Grandview buttes

Buttes and trailhead from Horseshoe


Looking for a moderate day that did not involve the corridor trails, I chose to head down the Grandview Trail to tag the butte forming the toe calk on Horseshoe Mesa. There are also two Coconino buttes on either side of the trail that I could add as bonus peaks if I had the time and energy. I had traveled this trail many times before, both to the mesa and down to the Tonto, but had never tried to climb the butte.

Kind of exposed

It was unpleasantly cold in the morning, which was good in that the deep, slick mud on forest road where I had camped was frozen, but I was in no hurry to start hiking.
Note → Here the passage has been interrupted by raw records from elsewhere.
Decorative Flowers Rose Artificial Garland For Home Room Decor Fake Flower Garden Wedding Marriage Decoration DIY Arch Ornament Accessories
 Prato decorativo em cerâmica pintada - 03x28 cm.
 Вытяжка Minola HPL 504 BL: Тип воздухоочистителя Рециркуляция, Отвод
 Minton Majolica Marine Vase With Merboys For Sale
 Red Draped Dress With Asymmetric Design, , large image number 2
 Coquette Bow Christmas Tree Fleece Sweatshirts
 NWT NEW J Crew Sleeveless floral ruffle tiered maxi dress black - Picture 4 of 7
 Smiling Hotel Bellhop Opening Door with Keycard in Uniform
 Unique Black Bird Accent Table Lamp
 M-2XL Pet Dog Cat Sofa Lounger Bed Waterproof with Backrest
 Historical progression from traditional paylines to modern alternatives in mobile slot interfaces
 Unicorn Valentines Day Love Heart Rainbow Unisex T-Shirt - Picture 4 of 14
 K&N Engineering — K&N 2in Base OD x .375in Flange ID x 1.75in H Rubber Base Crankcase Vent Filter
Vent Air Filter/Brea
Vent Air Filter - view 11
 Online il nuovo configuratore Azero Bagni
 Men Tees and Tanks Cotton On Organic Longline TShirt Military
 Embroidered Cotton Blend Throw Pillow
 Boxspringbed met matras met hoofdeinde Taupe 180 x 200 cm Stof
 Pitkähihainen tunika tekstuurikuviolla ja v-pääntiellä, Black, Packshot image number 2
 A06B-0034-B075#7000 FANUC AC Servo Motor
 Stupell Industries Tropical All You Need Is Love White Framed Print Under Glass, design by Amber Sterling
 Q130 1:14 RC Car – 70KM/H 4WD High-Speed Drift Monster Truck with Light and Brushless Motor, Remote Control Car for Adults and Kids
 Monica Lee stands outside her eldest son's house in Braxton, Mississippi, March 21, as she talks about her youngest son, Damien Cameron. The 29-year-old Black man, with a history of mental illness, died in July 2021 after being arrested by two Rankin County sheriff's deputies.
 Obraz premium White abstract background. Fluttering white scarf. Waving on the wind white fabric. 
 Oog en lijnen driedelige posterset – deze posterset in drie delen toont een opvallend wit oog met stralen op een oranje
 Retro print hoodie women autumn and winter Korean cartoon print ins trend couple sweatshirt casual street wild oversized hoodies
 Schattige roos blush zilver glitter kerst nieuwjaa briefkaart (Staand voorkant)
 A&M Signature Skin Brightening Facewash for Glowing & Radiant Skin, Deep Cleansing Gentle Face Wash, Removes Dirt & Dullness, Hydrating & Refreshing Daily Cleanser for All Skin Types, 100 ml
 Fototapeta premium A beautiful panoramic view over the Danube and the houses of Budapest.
Grandview Point is one of the higher parts of the south rim, so the upper trail was covered in deep snow. Fortunately enough people had gone before me to beat in a path, because the route would be both treacherous and difficult to find in untracked powder. The snow faded by the lower Coconino, but there were still large yellow icicles hanging from the cliffs, threatening to break off and cause mayhem below. Once past the snow, I was able to jog a fair amount of the trail to the mesa, where there were a handful of campers.

Horseshoe Mesa

With help from Tomasi’s guide, the butte was fairly straightforward. The route wanders up the lower slopes through short Supai steps, then passes the final cap with perhaps twenty feet of fourth class scrambling on the left. The south-facing rock was dry and non-threatening, and I soon found myself hiking across the flat top to the summit cairn. The register in its copper container was in good shape, and contained mostly the usual suspects. One entry mentioned tagging the butte on the way down the Old Grandview to the river, which sounded interesting, but I was more interested in summits than decrepit trails.

Crux dihedral

I reversed my route down the butte, then followed the trail to a narrow saddle at the base of the Coconino, connecting the eastern butte to the rim. I found a few cairns and perhaps faint traces of a use trail at first, but this summit is not a popular objective, and the north-facing route was mostly covered in snow. The scrambling was no harder than third class, but the snow changed it considerably, making it harder in places, but easier where I was able to kick steps. Emerging on the ridge crest, I saw that I had a fair ways to go to the summit. The traverse was what I would come to recognize as typical Coconino: “pancake stacks” of sandstone mixed with tilted ground littered with “surprise surfboards” ready to ride. It was tedious work made slower by the snow.

First ascent?

The final headwall seemed to require climbing a forty foot low-fifth-class dihedral, which felt secure but required a bit of caution with the damp rock. Rather than a nice copper register container, I found an old rusty Altoids tin filled with wet paper and no pencil. The only entry I saw was from 2003, stating that there was no cairn or register at the time. I let the papers dry out for a few minutes as I had a snack, then shoved them back in the can, put the can in the cairn, and reversed my route to the trail.

West butte traverse

The western butte is the end of a long ridge extending northwest from near the top of the Coconino. While it looked from afar as if it should be an easy walk from the trail, following the crest turned out to require quite a bit of scrambling and route-finding. Rather than an easy sidewalk, the ridge consisted of many Coconino stacks and pinnacles with gaps between them, a few requiring some steep climbing. Finally reaching the cairn at the highpoint, I took in the view for a few minutes, then retraced my complicated route to the trail. The snow was a bit softer on the return and, as always, it was easier going up the slick trail. While I had only met a handful of backpackers on the trail, there was a depressing mob milling at the overlook. I talked to the one backpacker hanging out on top, whose partner had slipped and fractured his hand, then gleefully occupied a precious parking spot for the rest of the afternoon before driving back out of the park to camp.